MEMORANDUM OF DECISION MOTION TO STRIKE (# 171)
FACTS
On May 16, 2012, the plaintiffs, Robert and Alene Giannaccio, filed a six-count complaint against the defendants, Jansen & Rogan Consulting Engineers, PC (Jansen & Rogan) and Antinozzi Associates, PC (Antinozzi Associates). The plaintiffs have alleged the following facts. Between December 1995 and March 1996, Jansen & Rogan designed and supervised the construction of a suspended metal catwalk around a cooling tower on top of a building. On May 17, 2010, Robert Giannaccio was making repairs to the tower when a section of the suspended catwalk gave way beneath him, which caused him to fall fifteen feet and sustain serious injuries. As a result, he has lost income, has incurred medical expenses, will likely require medical treatment in the future, and is unable to return to his normal activities.

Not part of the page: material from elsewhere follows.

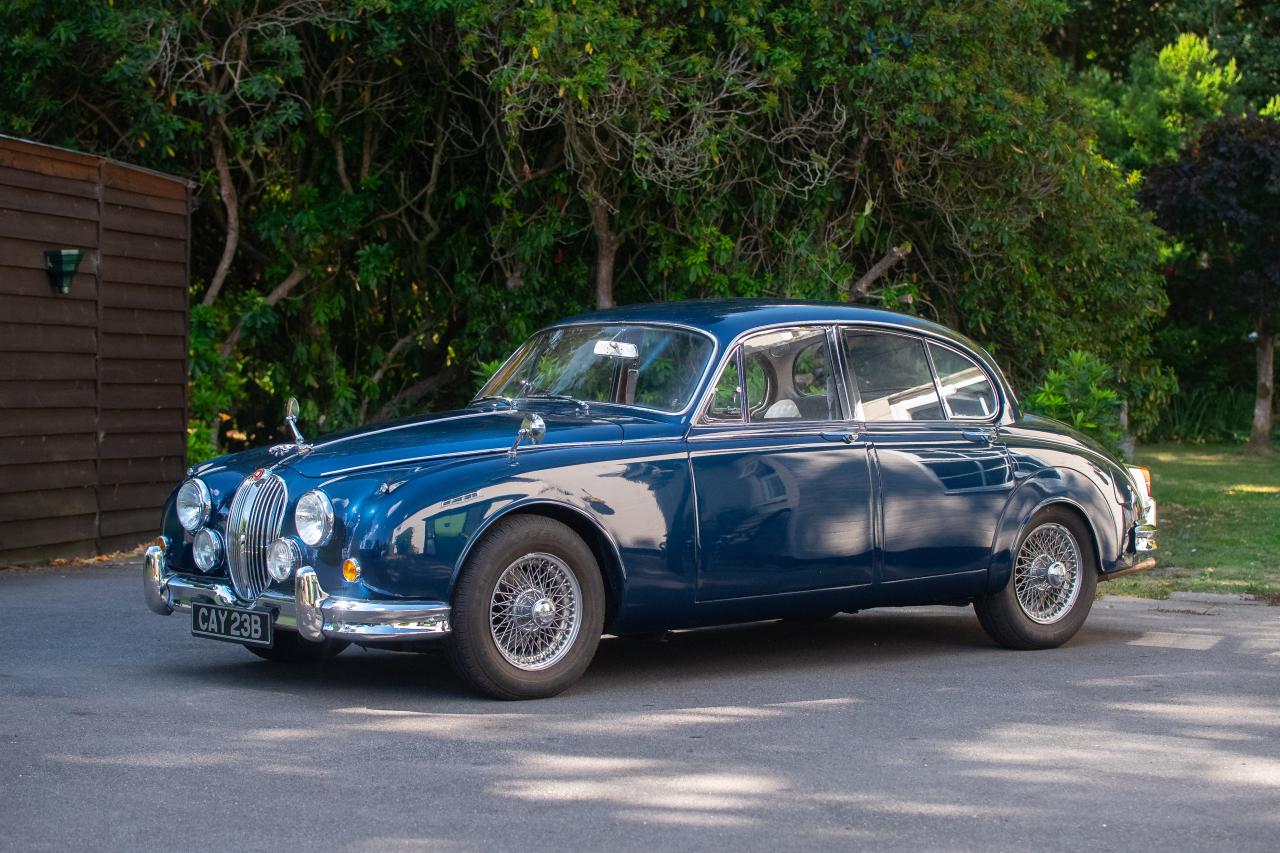 1964 Jaguar Mk. II (2.4 litre)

In count one, the plaintiffs allege, inter alia, that Jansen & Rogan was negligent in that it failed to properly design the catwalk, failed to properly supervise the catwalk's construction, failed to inspect the catwalk after it was erected, failed to properly maintain the catwalk, knew or should have known that the catwalk was defective and dangerous, breached its warranties of merchantability and fitness, failed to alert anyone of the latent defect it created when it designed a catwalk without metal fasteners, and failed to remedy the defective condition of the catwalk. The plaintiffs also allege that Jansen & Rogan had a continuous and ongoing legal obligation to remedy the defect. The second count is a claim of fraudulent concealment and includes allegations that Jansen & Rogan knew that it failed to properly design the catwalk, and thus, that it was unsafe for use, but intentionally concealed the catwalk's defective condition in order to shield itself from liability. The third count is Alene Giannaccio's claim for loss of consortium as to Jansen & Rogan, which is premised on the allegation that the harms and losses sustained by her husband, Robert Giannaccio, have resulted, inter alia, in the loss of financial support and companionship. Counts four, five, and six of the plaintiffs' complaint are directed toward Antinozzi Associates and repeat the allegations set forth in counts one, two, and three, respectively. On September 27, 2012 and September 28, 2012, the defendants filed two separate motions to strike the counts directed toward them (Docket Entry Nos. # 118, 120). By way of two November 19, 2012 orders, the court, Zemetis, J., granted the defendants' motions with regard to counts two and five of the plaintiffs' complaint—the counts alleging that the defendants fraudulently concealed a defect in the subject catwalk—on the ground that fraudulent concealment in avoidance of the statute of repose must be specially pleaded in a reply, rather than as a separate cause of action.1
The defendants subsequently filed answers to the plaintiffs' complaint (Docket Entry Nos. # 129, 134) on November 21, 2012 and January 8, 2013. In their answers, the defendants deny the substantive allegations of the plaintiffs' complaint with regard to the remaining counts and assert, as a special defense, that the plaintiff's claims are barred by General Statutes § 52–584a, which is a seven-year statute of repose that applies to actions against design professionals. In replies filed on November 27, 2012 and January 11, 2013 (Docket Entry Nos. # 130, 136), the plaintiffs denied each allegation contained in the defendants' special defenses.2
On June 24, 2013, the plaintiffs filed amended replies (Docket Entry Nos. # 167, 168) to the defendants' special defenses in order to include the following statement in each reply: “The defendant is barred from defeating the plaintiffs' claims pursuant to the statute of limitations by the [d]octrine of [f]raudulent [c]oncealment. The defendant ․ was aware of the defective catwalk prior to the time ․ [Robert Giannaccio] was injured, yet the defendant intentionally concealed the existence of the defect from the plaintiff and failed to properly remedy same.” Pls.' Am. Reply to Defs.' Spec. Defenses. In so doing, the plaintiffs argue that counts two and five were originally stricken because the court “advised that the [plaintiffs'] claim[s] for fraudulent concealment w[ere] more properly [pleaded] as a reply to the defendants' [s]pecial [d]efense.” Pls.' Req. to File Am. Reply 1.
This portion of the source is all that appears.